20th Century Fox is film and television broadcasting company who is normally seen as a rival to Warner Bros, the primary company behind LEGO Dimensions. In film, they are known for being the owners of several franchises such as Ice Age, Avatar, Diary of a Wimpy Kid, Independence Day, Taken, Rio, Night at the Museum, Alien/Prometheus, Predator, the film adaptation of The A-Team, and Alvin and the Chipmunks.
In television, they are known for The Simpsons, Family Guy, Futurama, Bob's Burgers, Archer, How I Met Your Mother, King of the Hill, Modern Family, Buffy the Vampire Slayer, American Dad!, and plenty more.
The company is heavily recognized for the orchestral tune that plays with their logo at the beginning of their films, and occasionally after the end credits of one of their television shows.
They licensed the rights to use The Simpsons to Warner Bros. for the game, though the uses are limited, presumably due to Fox requiring the use of series audio or voiceover to be licensed separately from the IP itself, resulting in additional costs that could not be properly worked into the game's budget.
- Prior to the release of the game, Fox previously worked with LEGO to produce two sets and two lines of minifigures based on The Simpsons, after airing the Brick Like Me episode in which Homer wakes up to find himself as a minifigure in a LEGO version of Springfield. Emmet and Wyldstyle even made a cameo appearance in this episode.
- Unikitty's special quote towards Bad Cop is a reference to Taken, which is a film franchise owned by Fox that starred Bad Cop's voice actor, Liam Neeson.

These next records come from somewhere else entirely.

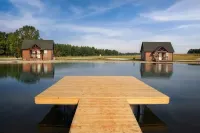 Cabin A by the Pond - King Bed - Swimming Pool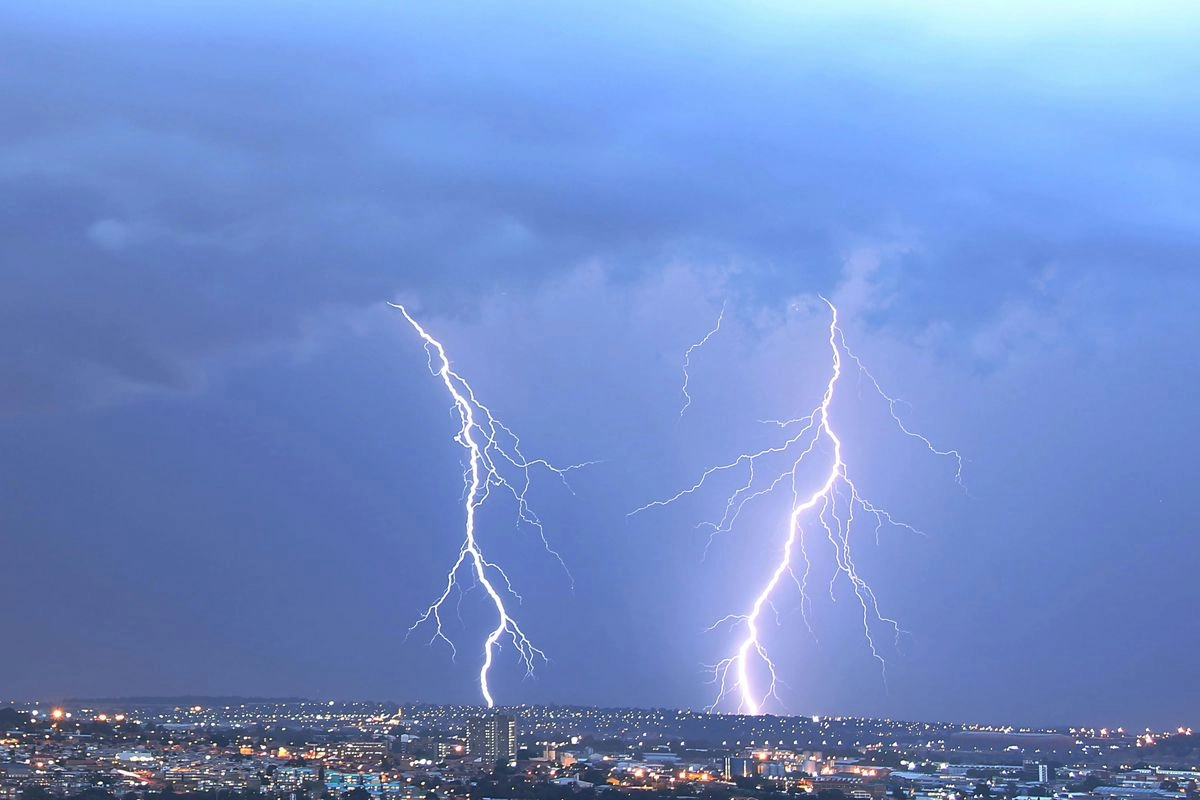 Tips Terhindar dari Sambaran Petir Saat Mendaki Gunung pada Musim Hujan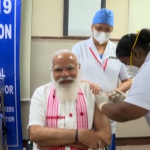 Covid, premier Modi riceve prima dose vaccino indiano Covaxin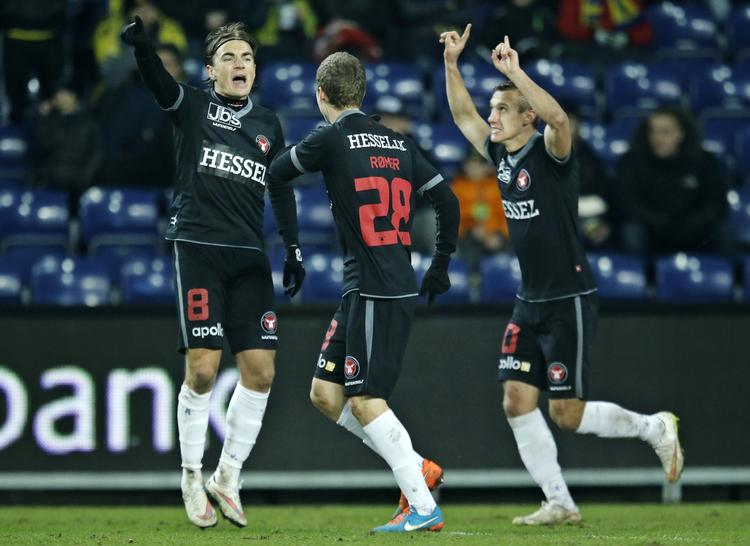 Favoritter. FCM kan søndag mod Esbjerg hente den 11. hjememsejr i træk. 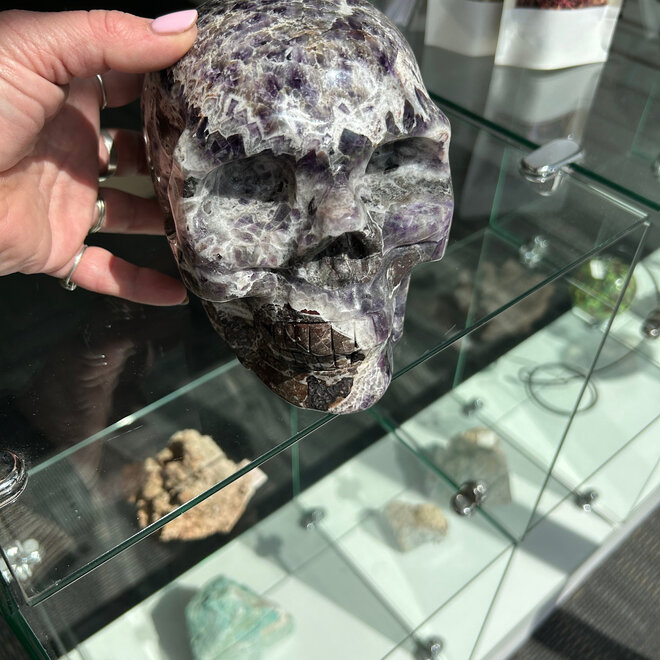 Chevron Amethyst Skull XXL 8lb 9oz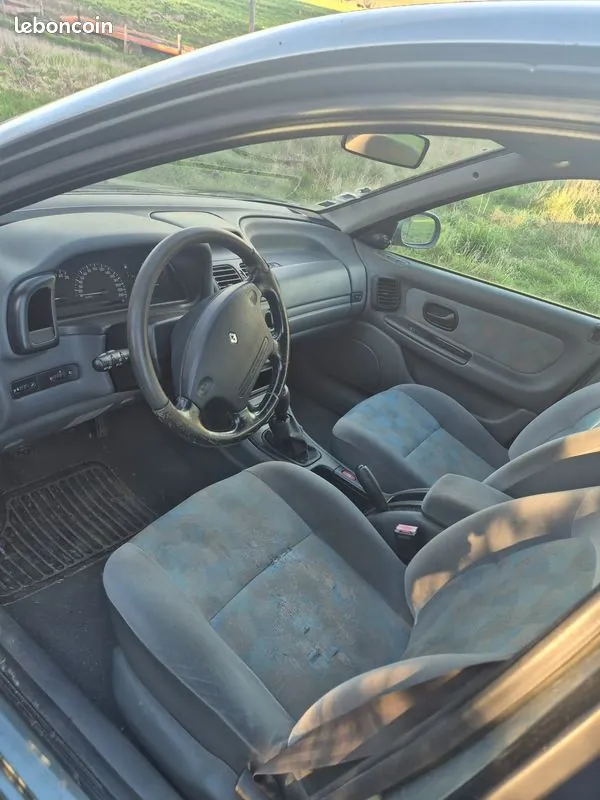 Renault Laguna 1998 photo 3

- Contrast to the other licensing companies involved with this game, it is suspected that 20th Century Fox either wasn't eager to loan the license to Warner Bros., or Fox demanded use of the series audio or voiceover to be licensed separately from the IP itself, which might cause the game to go over budget, as it is evident that the iconic theme song of the series is never heard in the game. It is also noted that no characters with the exception of Dan Castellaneta's (which include Homer Simpson and Krusty the Clown) ever speak in the game, and even then, all of his characters use archive footage. This implies that Warner Bros. could only afford archive audio from Dan Castellaneta during the development of the game.
- Or it could be because that Fox might've been working with Disney to make figures of Avatar for Disney Infinity (which never got released).
- Several sources, however, have claimed that four out of six of the main cast were called in to record lines, however, in the final game, none of these recordings were used. It might be because the developers thought that using those lines would blow the budget of the game probably because of a price or separated licensing Fox requested for their use, so they decided to only use archive audio from Dan Castellaneta. It's unknown if they're in the game's files or not.
- This results in several awkward situations, especially for Bart Simpson, who is a playable character. Bart is frequently seen talking up a storm in the show and even has an idle animation where he fires his slingshot and laughs, but no sound is heard, due to Nancy Cartwright being unavailable at that time.
- In Year 2, however, Fox was more eager with usage towards the A-Team due to Fox being significantly less protective of the property.